Seguimos nuestro camino, no iba nada mal la mañana desde luego, teníamos en el morral, tres perdices y una liebre, y a las 11 de la mañana, qué más se podía pedir. La mañana estaba siendo perfecta, la niebla estaba levantando y ya se podía atisbar casi todo el páramo. Seguimos yendo detrás de las patirrojas, teníamos que cazar la cuarta, para hacer el cupo.

Íbamos por un perdido, cuando unas perdices se levantaron, muy largas, no pudimos ni siquiera encararlas. Es raro que los primeros días se levanten tan largas, pero no se quedaba ni una. Qué listas son. Decidimos dar la vuelta al lindazo al que vimos que se dirigían. Yo iba despistado cuando de repente de mis pies salió un conejo. Y qué conejo, madre mía. Me pongo la escopeta rápidamente en mi hombro y apunto, el conejo iba rectito, perfecto para hacerlo pieza, pero justo cuando disparé, me hizo un quiebro, inverosímil, escurridizo y erré mi disparo. Justo se iba a ir lindazo abajo cuando en una última oportunidad de disparar, ¡Pum! el conejo cayó rodando, yo no le veía, y baje muy rápido por si estaba herido y se había metido en la boca, pero allí estaba. Lo cogí y lo metí al morral. El chaleco ya pesaba lo suyo, una perdiz, una liebre y un conejo.

Seguimos andando hasta el final de la linde, sin suerte. Hasta que vimos unas 12 perdices peonando por una tierra, fuimos tras ellas sin éxito. Yo sabía que tarde o temprano avistaría la segunda perdiz de la mañana, pero se estaba resistiendo. El cansancio empezaba a manifestarse y eché el primer trago de agua de la mañana.

Seguimos caminando hacia los lindazos donde una hora antes había dado caza a la liebre. Fuimos poco a poco, mi padre iba por los rodapiés de las lindes por si le salía una liebre, yo iba buscando las patirrojas. Serían las doce y veinte, cuando un revoloteo me sorprendió a mi espalada, me giré y vi una perdiz batiendo sus alas y alzando el vuelo. Su velocidad era endiablada. Durante estos instantes me coloqué la escopeta en posición de disparo, un escalofrío recorría mi cuerpo. Cubrí la perdiz con el cañon de la escopeta, iba un poco ladeada y decidí adelantar el tiro. Al primer disparo cayó en la tierra. Había hecho cupo. No la veía desde la posición donde me encontraba, por lo que me apresuré en bajar el lindazo, por si estaba dada de ala y se me marchaba peonando. Cuando bajé ya la vi.

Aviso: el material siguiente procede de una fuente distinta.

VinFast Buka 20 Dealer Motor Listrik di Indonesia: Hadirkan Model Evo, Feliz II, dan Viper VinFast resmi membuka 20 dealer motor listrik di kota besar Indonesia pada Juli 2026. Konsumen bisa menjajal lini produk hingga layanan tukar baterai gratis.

Decidí no meter la perdiz aún al morral y saqué una foto para inmortalizar el momento. Me quité el chaleco y coloqué las piezas para realizar una bonita instantánea. Los perros no paraban quietos, Heiko iba y venía y Koeman más de lo mismo. Hasta que en uno de los intentos, me percaté de que había salido una foto preciosa, de esas dignas de enmarcar.

El debate de las fotos de caza me viene a la mente cada vez que saco una. Desde mi punto de vista, intento sacarla con el mayor respeto y admiración hacia las piezas abatidas. La sangre es una cosa que intento evitar en mis fotos. Sin duda, este debate daría para muchas horas de conversación. Después de hacer la foto, metí las piezas en el morral, con sumo cuidado, en mi cara seguro que se podía ver la felicidad personificada. ¡Qué día! Sin duda uno de los mejores días desde que soy cazador.

Eran las 12:30 aproximadamente, mi padre todavía podía matar una liebre, yo me marché en dirección a mi casa que ya se veía desde el lindazo donde había cobrado mi segunda patirroja. Mi padre fue en dirección opuesta, al monte, en busca de la orejona. No hubo suerte, pero la jornada de caza ya nos había brindado sus mejores deidades. Varios lances formidables y un morral muy considerable.

Qué ganas de más lances, de más momentos vibrantes, de corazón exaltado, de momentos de rabia y de furia.

-¡Vaya día! ¡Y mañana con la bichina!, fui hablando yo sólo, mientras pensaba en la gran suerte de encontrarme donde me encontraba y de ser cazador.